Sri Lanka, plantation de thé à Nuwara Eliya (© Sylvie Strobl)

dimanche 25 août 2013

Parfum de pagode

Anna Moï
Editions de l'aube (poche)
Nouvelles


Anna Moï est née à Saïgon où elle a étudié le français très tôt. C'est dans cette langue qu'elle maîtrise parfaitement qu'elle a écrit "Parfum de pagode". En lisant ce recueil, je n'ai pas pu m'empêcher de penser à un peintre devant son chevalet. Seurat ou Signac, ou encore Théo Van Rysselberghe. Un de ces artistes qui nous ont donné à percevoir le réel non pas de manière hyper-réaliste, mais par petites touches, par taches de couleurs. Voilà comment Anna Moï nous fait découvrir son pays. 

Il est évidemment très difficile de résumer un tel recueil, si intimiste et personnel.
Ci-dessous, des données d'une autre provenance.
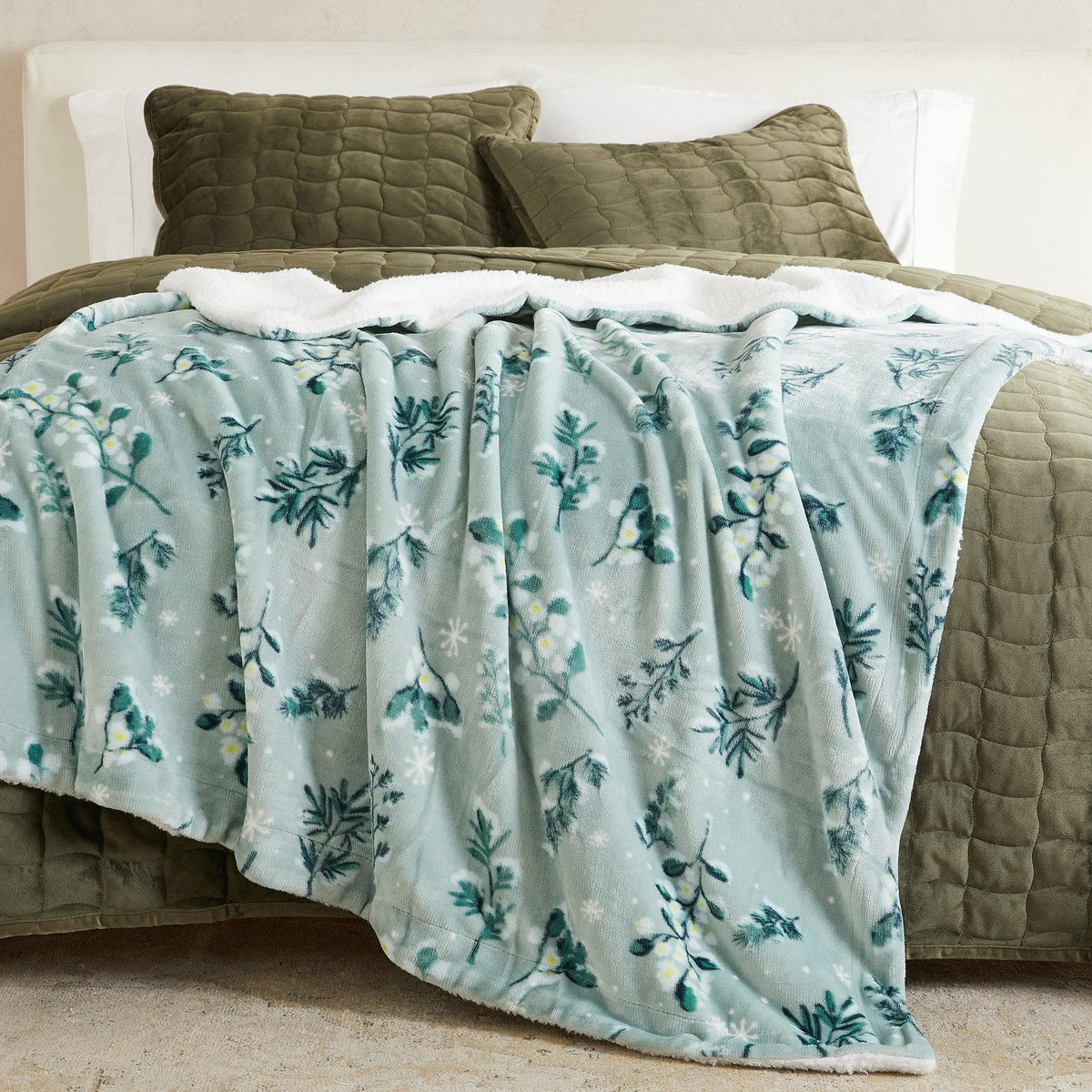 Kinsley Collection Velvet Plush Sherpa Luxury Bed Blanket and Throw – view 129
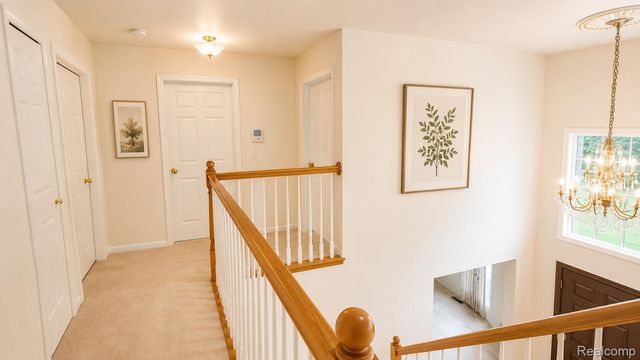 7622 Park Meadow Lane, West Bloomfield Charter Township, MI 48324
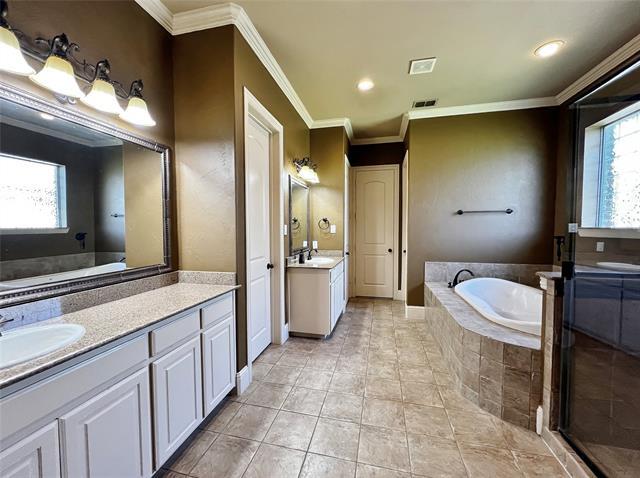 Building Photo - 423 San Gabriel Dr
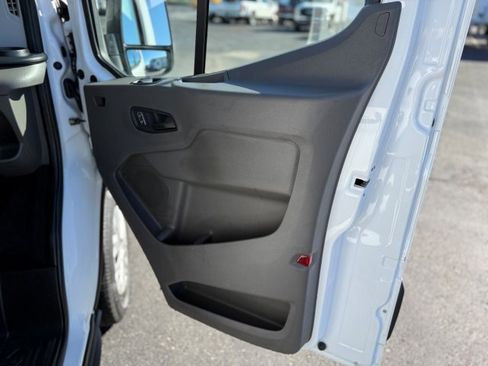 Used 2023 Ford Transit 350 XLT image 21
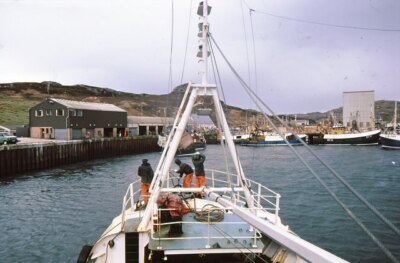 Foto 6x4 Die Sharona nähert sich den Fischschuppen bei Clash Kinlochbervie Th c1985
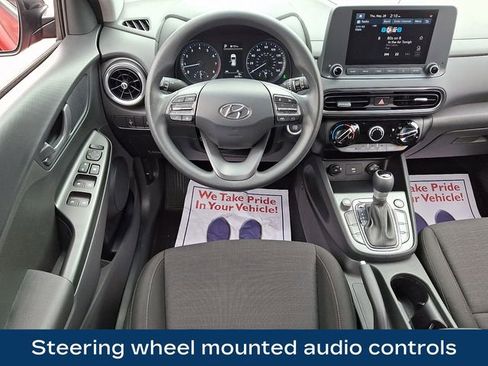 Used 2022 Hyundai Kona SEL AWD/4WD image 3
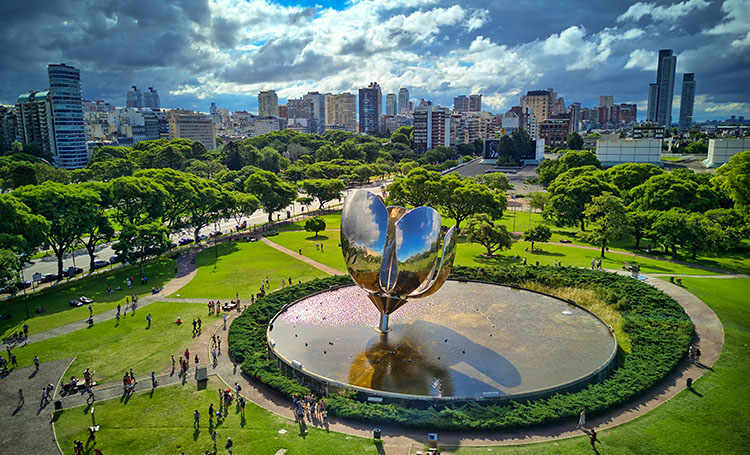 Floralis Generica, Plaza de las Naciones Unidas, Buenos Aires, A beautiful silver flower sculpture, Plaza de las Naciones Unidas, Buenos Aires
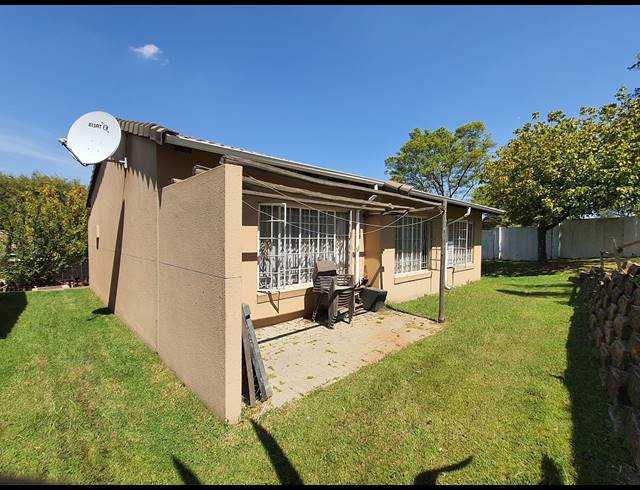 3 BEDROOM SIMPLEX FOR SALE IN COUNTRY VIEW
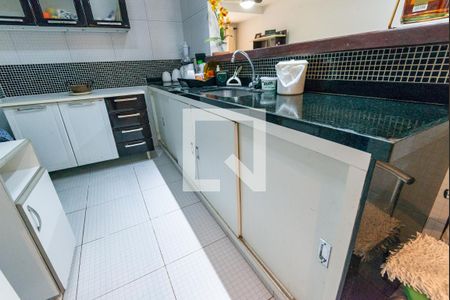 Casa à venda com 329m², 5 quartos e 4 vagasCozinha 1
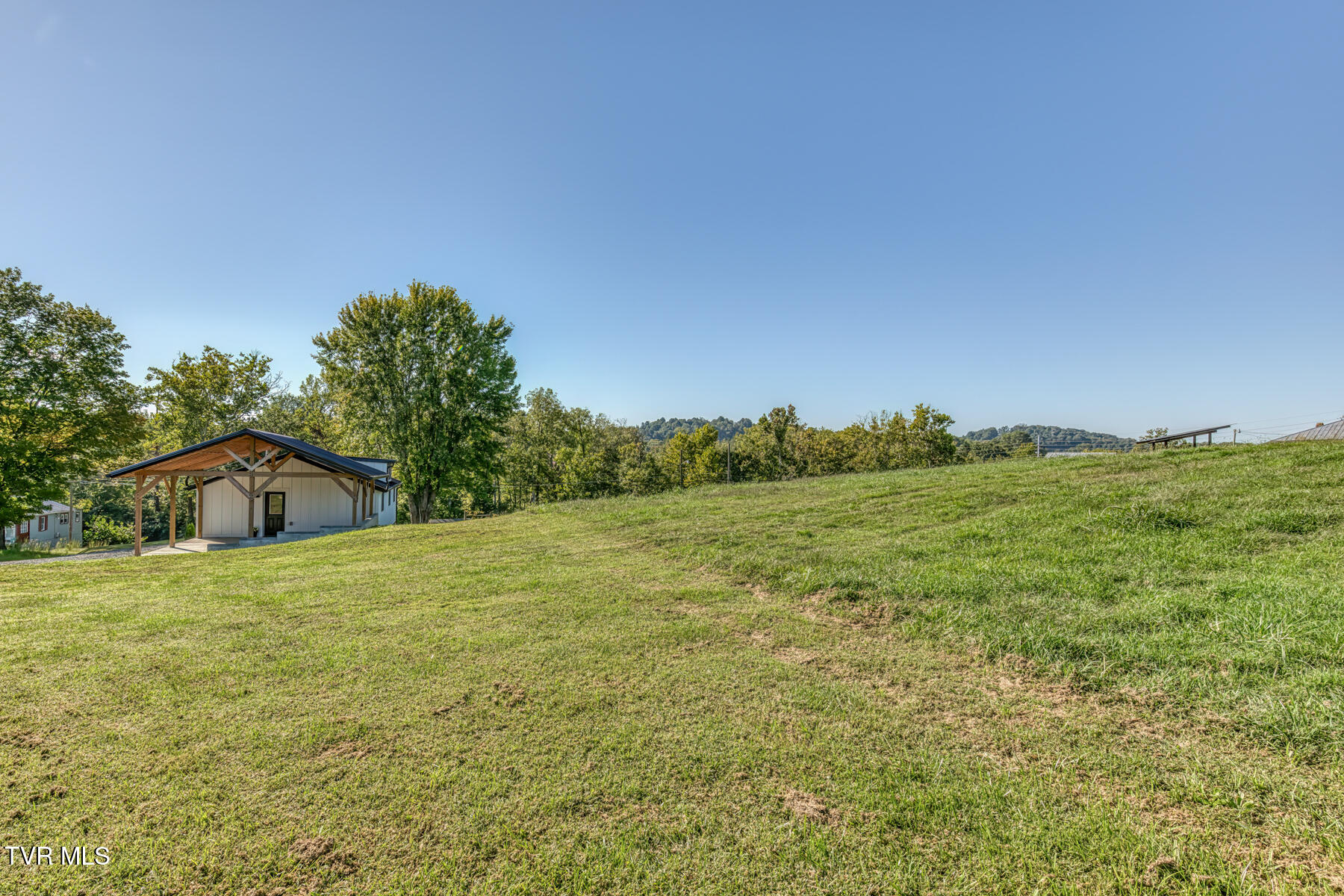 356 Old Thomas Bridge Road Bluff City, TN 37618 - Photo 27 of 28 356 Old Thomas Bridge Rd-27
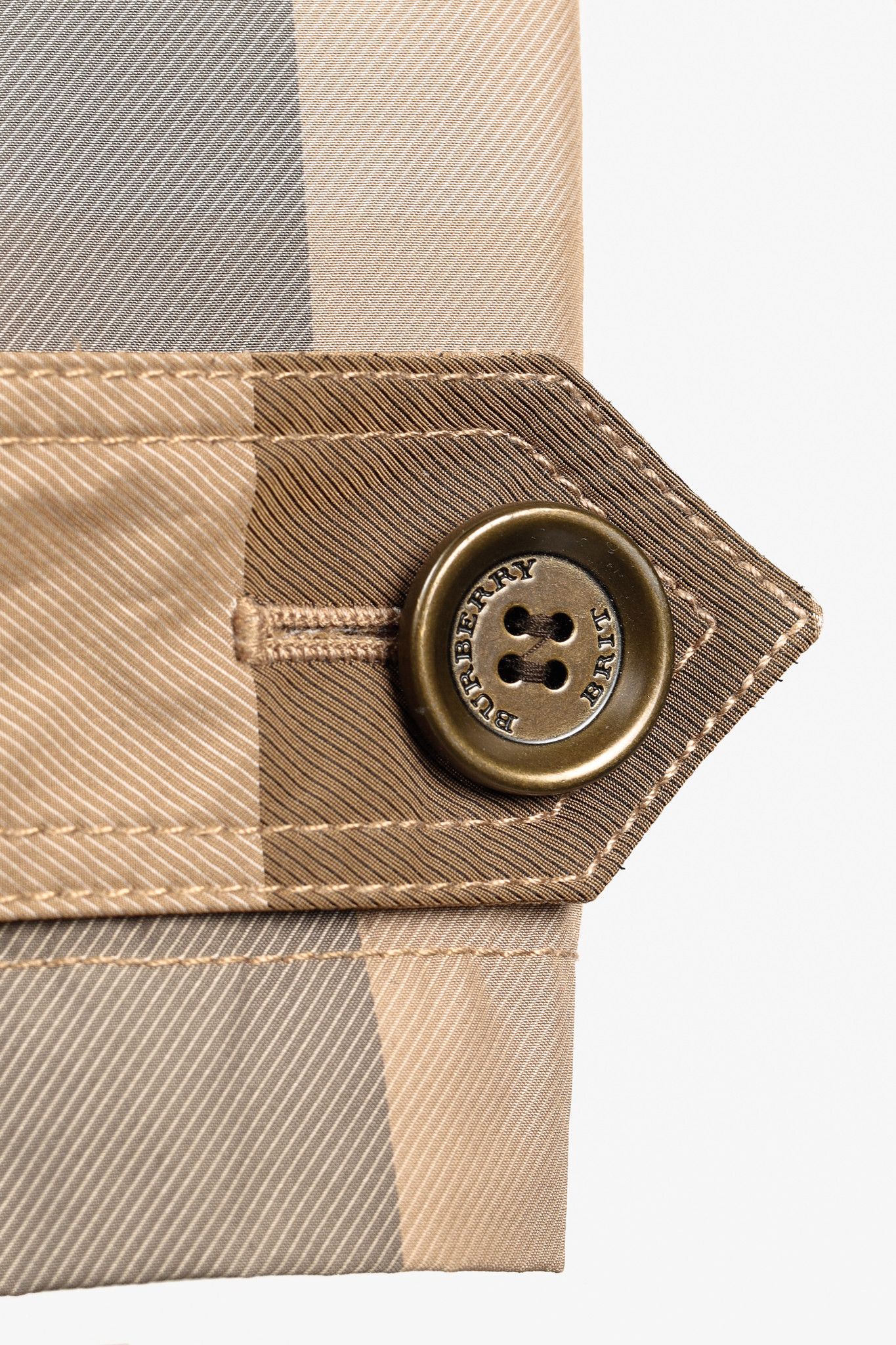 Burberry Burberry Brit Light-Brown Check Rain Jacket Size M / US 6-8 / IT 42-44 - 7 Thumbnail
Je m'arrêterai donc sur une nouvelle qui m'a particulièrement touchée : "Le fusil et le violoncelle". L'histoire des deux frères K., violoncellistes tous deux, qui ont fait le choix de la musique dans ces circonstances bien particulières. 
De 1978 à 1991, le Vietnam et le Cambodge sont en guerre. Les jeunes gens sont appelés à servir leur pays. "L'exemption militaire est accordée exclusivement à deux catégories d'appelés : les étudiants de la faculté de médecine - car le Viêt-Nam a besoin de médecins -, ou ceux du conservatoire de musique, car le Viêt-nam a besoin de musiciens". Entre le fusil et le violoncelle, le choix ne repose donc pas sur d'éventuels dons artistiques mais sur un critère plus essentiel : sauver sa peau. Et s'il faut payer pour intégrer le conservatoire, qu'importe : c'est le prix de la vie. En quelques pages à peine, toute la fragilité d'un destin est ainsi esquissée, posant du même coup la question essentielle du bien et du mal. Et la musicienne qu'est aussi Anna Moï supplante l'écrivain  pour conclure : "Ils n'éprouvent pas de haine à l'égard de ceux qui n'ont pas eu à choisir entre la guerre et la musique. Il n'y a pas lieu, d'ailleurs. L'injustice n'est pas là. Elle est dans le fait que nous ne sommes pas tous des musiciens".

Peut-être faut-il être allé au Vietnam pour apprécier pleinement ces nouvelles, avoir découvert le pays par ses sens plutôt que par les musées ou les monuments. On pourra alors feuilleter le recueil comme on regarderait un album photo : chaque cliché fera renaître l'émotion de l'instant.